21.02.2006 - 13:36 Por Lusa
O presidente da Câmara do Porto, Rui Rio, considerou hoje que a possibilidade de ser acusado por desrespeito do embargo à obra do túnel de Ceuta "é um bocado absurda".
"Estou constituído arguido e respondi nessa condição. O dossier tem a ver com o túnel de Ceuta e o crime de que potencialmente poderei ser acusado pelo Ministério Público é o de ter desrespeitado o embargo decretado pelo IPPAR [Instituto Português do Património Arquitectónico] e de ter lesado o Museu Soares dos Reis", afirmou.
"Parece-me um bocado destituído de sentido, na exacta medida em que se o buraco do túnel de Ceuta está lá é justamente porque o embargo está respeitado, senão tínhamos feito a obra", disse Rui Rio à saída do Departamento de Investigação e Acção Penal (DIAP) do Porto, onde foi ouvido entre as 11h00 e as 12h10.
"Acho isto um bocado absurdo, mas é o que é, e acho que não devo dizer mais nada, porque o segredo de justiça deve ser respeitado", acrescentou.
"Já cá vim muitas vezes [ao DIAP]. Podem trazer-me cá as vezes que entenderem, que eu não deixarei de defender aquilo em que acredito", afirmou. "Não é por me trazerem aqui que eu recuo ou deixo de defender aquilo em que acredito", disse ainda.

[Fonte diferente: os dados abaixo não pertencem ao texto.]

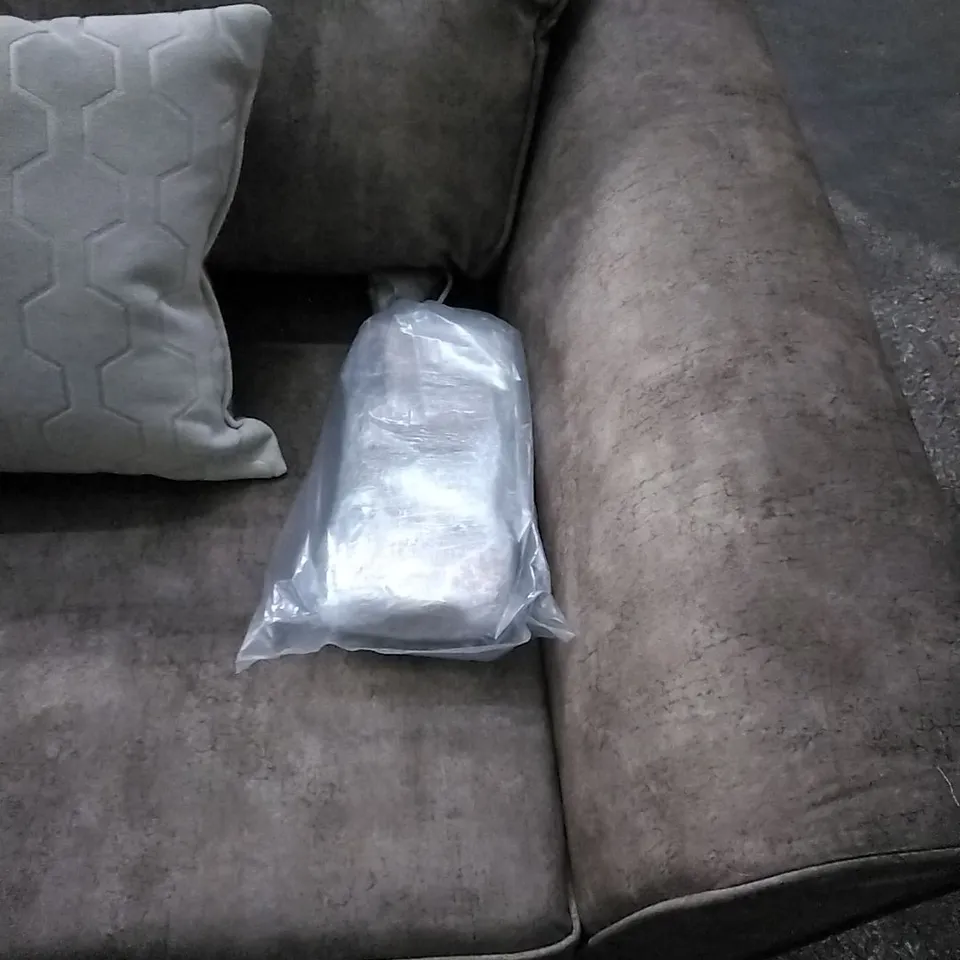 QUALITY DESIGNER AMAYA FABRIC ARMCHAIR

Questionado pelos jornalistas sobre se a sua liderança na Câmara poderia ficar fragilizada, Rui Rio afirmou que este "não é o momento para tecer comentários de carácter político e apreciações".
O responsável pela empresa de Gestão e Obras Públicas (GOP) da Câmara do Porto,Vitorino Ferreira, continua a ser ouvido nas instalações do DIAP.
O presidente da Câmara do Porto, Rui Rio, foi hoje constituído arguido pelo DIAP do Porto no âmbito do processo sobre as obras do túnel de Ceuta.
A aprovação do projecto do túnel de Ceuta encerrou uma polémica que começou no início de 2005 com a reprovação do IPPAR da obra que a empresa municipal GOP do Porto tinha em execução no terreno, sem a necessária aprovação prévia do instituto.
O túnel de Ceuta foi inaugurado no dia 29 de Julho de 2005, por Rui Rio, mas apenas com uma saída (junto ao Jardim do Carregal), porque a outra (na Rua D. Manuel II) tinha sido embargada pelo Ministério da Cultura.